Some property, such as clothes and tools, doesn't need significant protection; merely wearing the clothes and using the tools is enough to create a presumption that you own them. And courts of law have always been charged with sorting out the disputes, when there are disputed claims.
Some property has always had more meticulous protection. Land is probably the oldest example. Written descriptions of the borders of one's land have been part of the legal system as long as writing has existed. And many of the oldest deeds still extant refer to marking stones that were were so ancient that the scribes themselves didn't seem to know their origin.
Organized, systematic records of the ownership of all the land in the country entered English law as the Normans organized their hold on England in the late 11th Century. A system of recording sales of property at the county grew up, which the Founders kept after the American Revolution. Details varied a bit from State to State, but the principle was national: In order to be legally valid, all sales of property needed to have the ownership recorded by the county government. Capitalists supported the system, because that was how their ownership was protected.
And so things stood, for over two centuries. Details changed, as the quill pen was replaced by the typewriter, free-form deeds were replaced by standardized forms, and hand drawings were replaced by surveyors with geospatial databases. Different states took different approaches to modernization, so the number of details that varied from state to state multiplied. But the principle of registering real estate transactions with the county government remained.
And then came computers and the Internet. Suddenly going in person to the county clerk's office seemed as antique as leaded gasoline and cars with fins. And so, the big players in the real estate business got together, and decided to modernize the system.
Now, there's more than one way to do this. When the banks decided that physically moving checks around was obsolete, they lobbied Congress for a change. The resulting law was passed in 2003, and it's the reason your bank statement now has a digital image of your check, instead of giving you your check back.
In a responsible world, the mortgage industry would have done what the banks did: Persuade the government (whether Federal or all the States) to let them take the system online, so that they didn't need to make 8,000,000 or so trips to 3,077 county (or parish or borough) clerk's offices every year. Instead, they dreamed up an "it should work" legal hypothesis, and filed ownership changes in a private database. Without, as far as I can tell, ever checking (other than with attorneys on the payroll of the database firm) whether what they were doing was legally valid.
Behold, the power of wishful thinking: More than $4 trillion worth of business deals were based on an untested hypothesis that something not mentioned in the law was just as good as following the law. And the people making this decision had self-images as hard-headed capitalists.

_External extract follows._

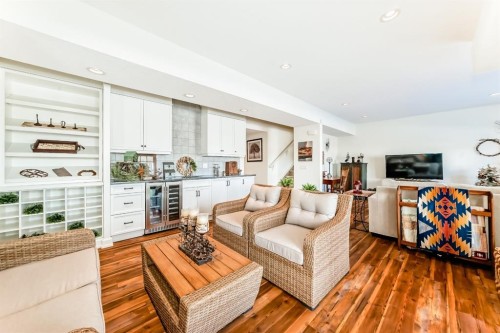 44 Riviera Way, Cochrane, AB - Indoor Photo Showing Living Room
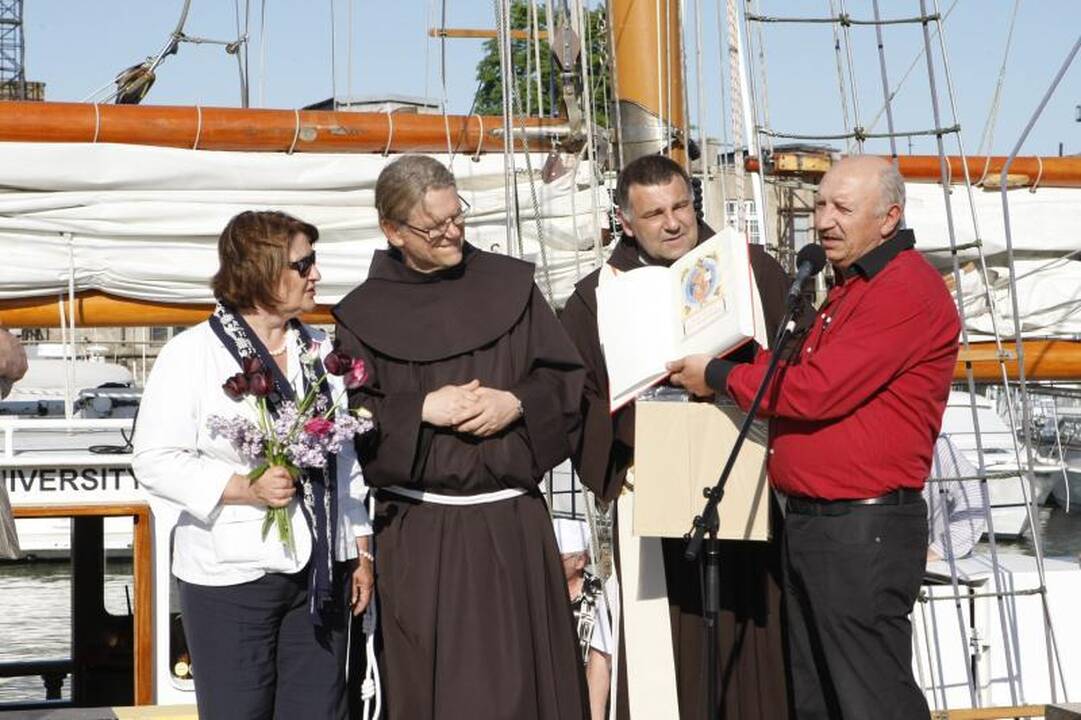 Kruizinių laivų terminale – „Vilties misijos 2012“ išlydėtuvės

The the foreclosure crisis hit. Some judges agreed to go with the flow, and signed the orders they were asked to. Others, insisting that the law be followed, sent the attorneys packing. Whether a transfer of real estate was legal or not, appears to hinge on whether a judge upholds the law, or decides an arrangement with only the haziest connection to the law is good enough. In other words, property rights depend on a whim. It's the whim of a judge, instead of a baron, but the principle is the same.

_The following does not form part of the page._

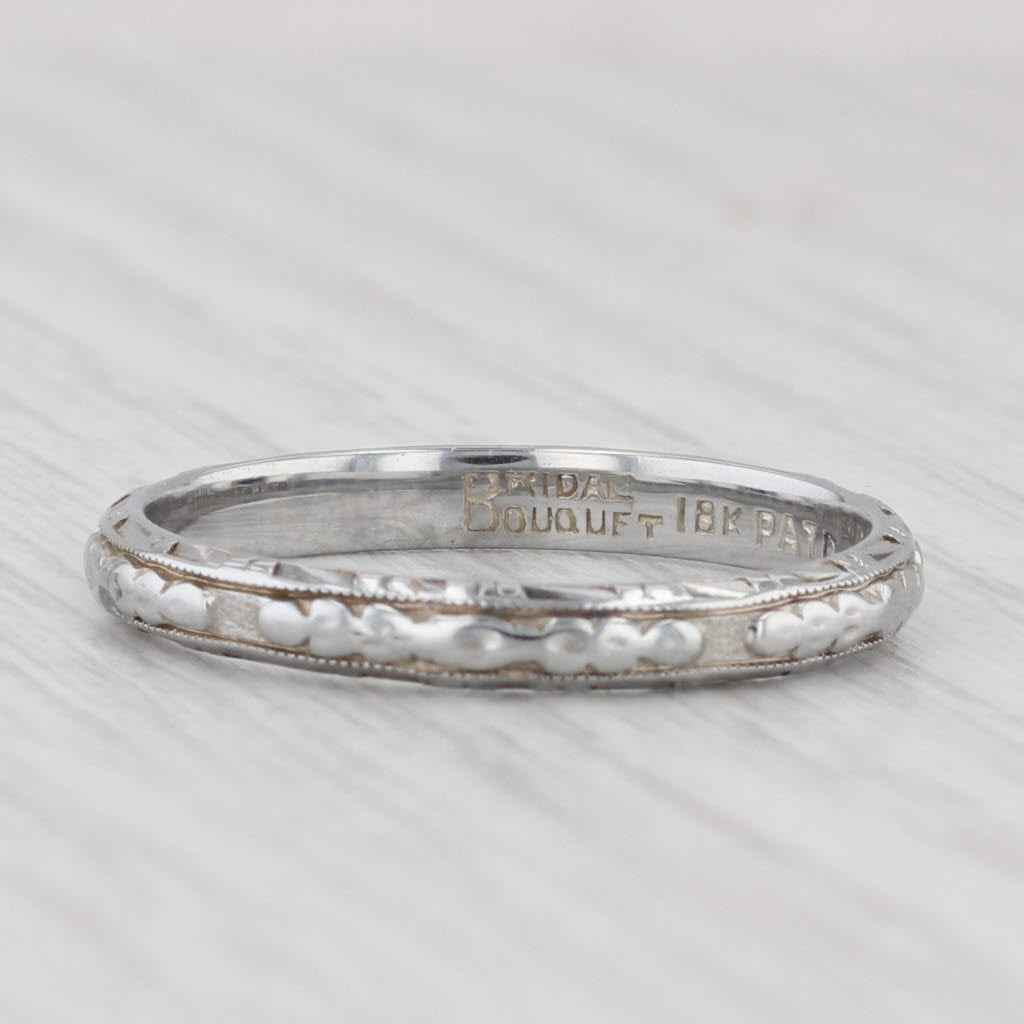 Light Gray Art Deco Floral Engraved Wedding Band 18k White Gold Size 7.75 Stackable Ring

The mortgage industry has kicked the most critical support for capitalism out. This affects more than just those who have stopped paying their mortgage. For pretty much everyone who has bought real estate in America in the last baker's dozen of years, it is up to a judge's whim whether or not they "really" own their property.
It's a huge problem. Now that we know about it, the real estate market will remain depressed until a solution we all agree is fair, is found and implemented. (Not many, after all, will take the chance that their mortgage payments won't be buying ownership. And most of the exceptions will only play with the share of their capital they might otherwise risk on junk bonds or the common stock of companies in bankruptcy court.) And, for the last half century, it's been the real estate industry that led us out of recessions.